**Work required**.
I need the lines below from the one with "50 CARENTAN. Un" down to the one with "BMW 5 Series (G30) id 4959499 из Кореи 22" reproduced exactly, both ends included, and nothing else.
-- Source material follows --
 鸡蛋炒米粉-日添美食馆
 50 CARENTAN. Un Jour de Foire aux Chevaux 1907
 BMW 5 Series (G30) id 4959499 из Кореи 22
-- Source material concluded --
-- Source material follows --
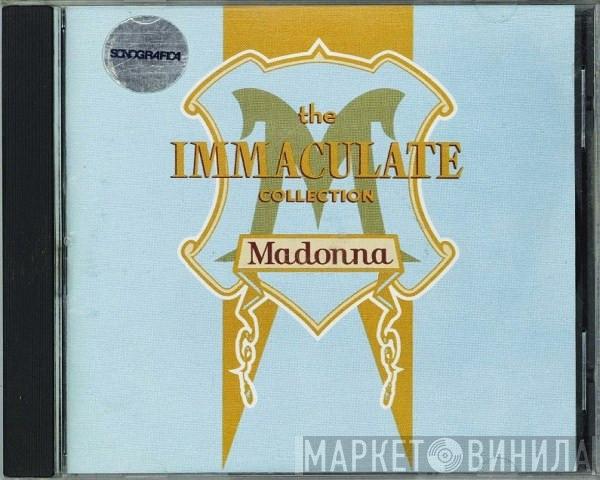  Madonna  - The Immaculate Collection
-- Source material concluded --
-- Source material follows --
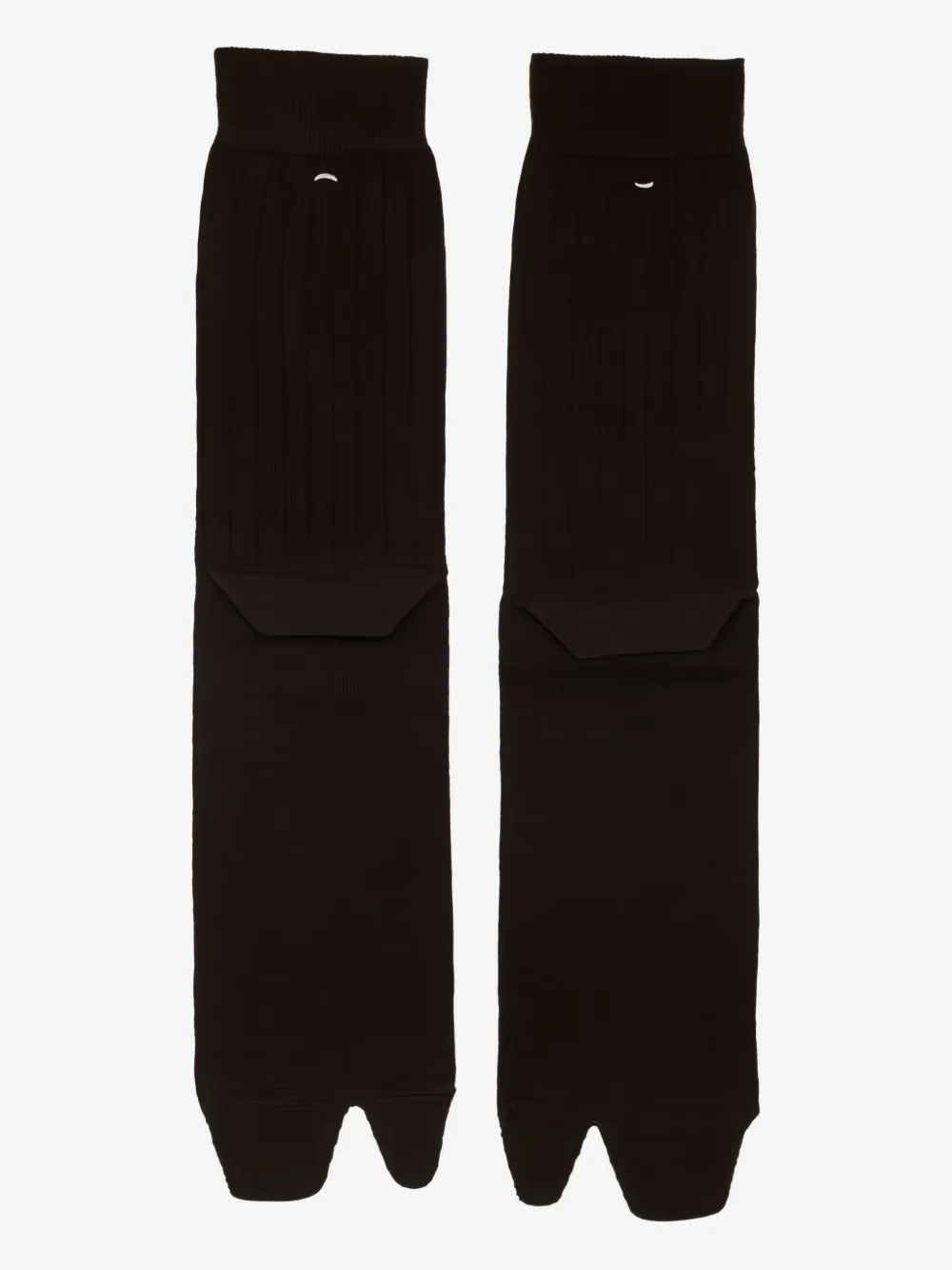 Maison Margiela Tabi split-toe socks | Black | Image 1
-- Source material concluded --
**Answer to this task**.
 50 CARENTAN. Un Jour de Foire aux Chevaux 1907
 BMW 5 Series (G30) id 4959499 из Кореи 22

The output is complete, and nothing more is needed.